What is needed | In the listing below, locate the line with "Essential nutrients for" and the line with "Design set of", then output both and everything between them exactly, minus any pictures.

Record excerpts |

______________________________

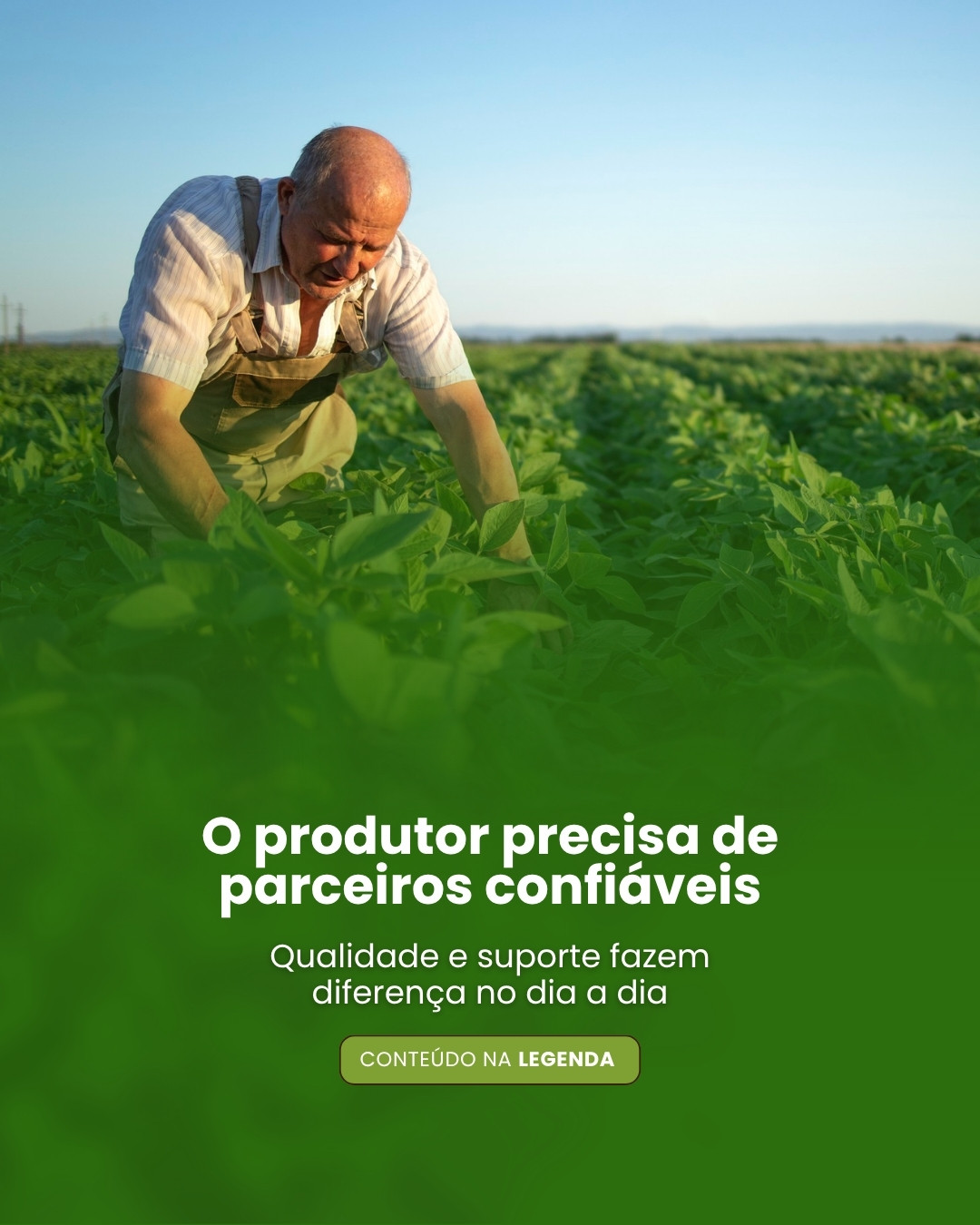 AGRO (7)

______________________________

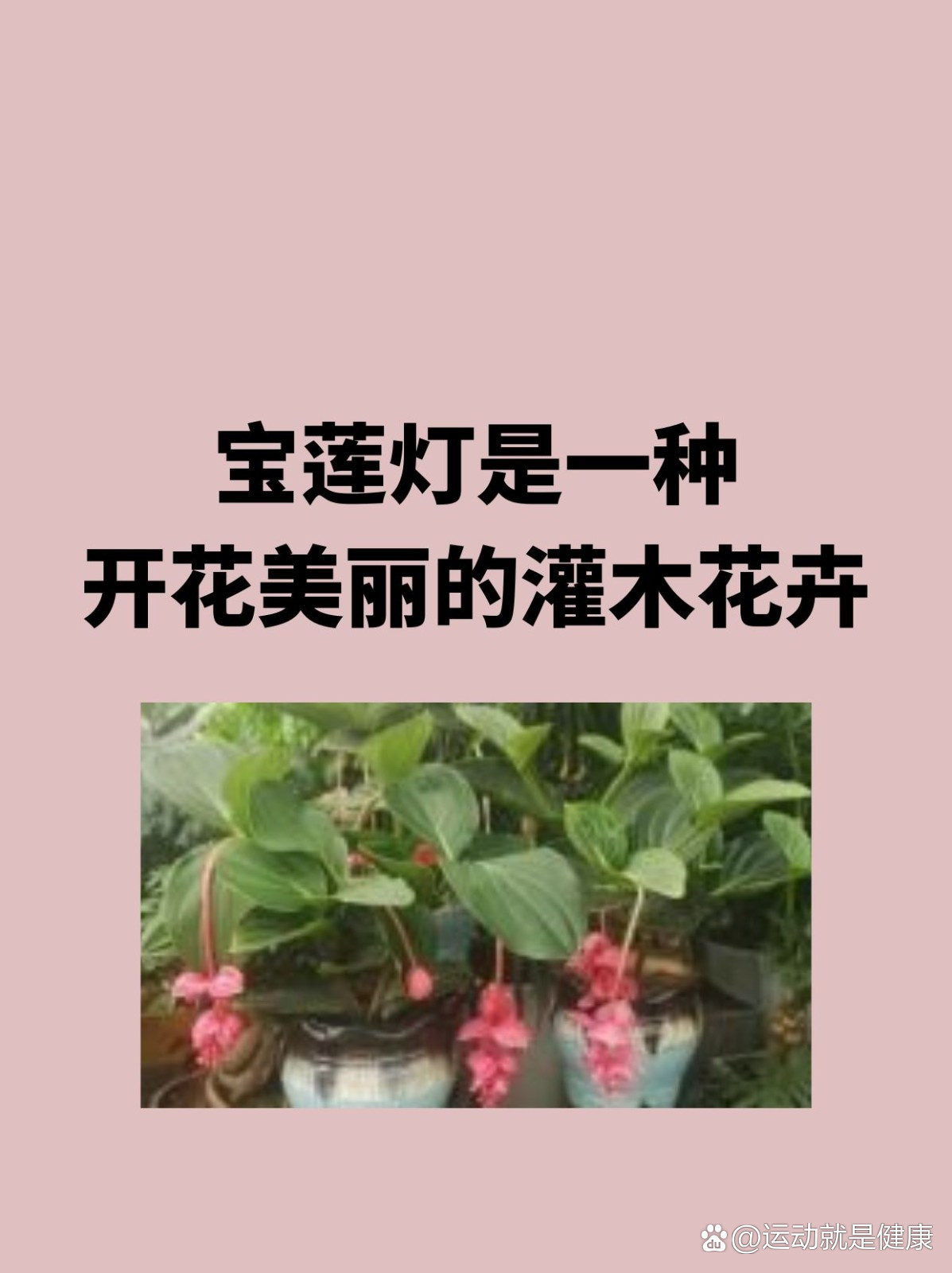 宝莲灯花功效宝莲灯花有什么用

______________________________

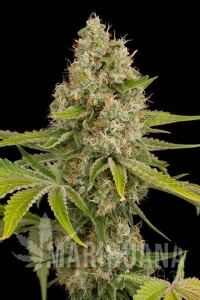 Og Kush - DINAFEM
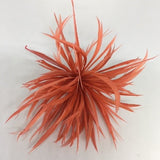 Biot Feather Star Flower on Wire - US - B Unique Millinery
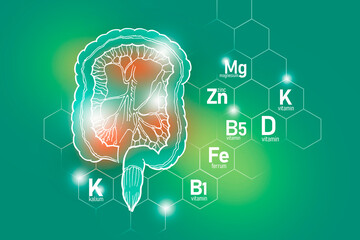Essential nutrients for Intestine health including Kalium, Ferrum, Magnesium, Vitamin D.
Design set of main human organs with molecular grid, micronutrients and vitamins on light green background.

______________________________

Response to the exercise |
Essential nutrients for Intestine health including Kalium, Ferrum, Magnesium, Vitamin D.
Design set of main human organs with molecular grid, micronutrients and vitamins on light green background.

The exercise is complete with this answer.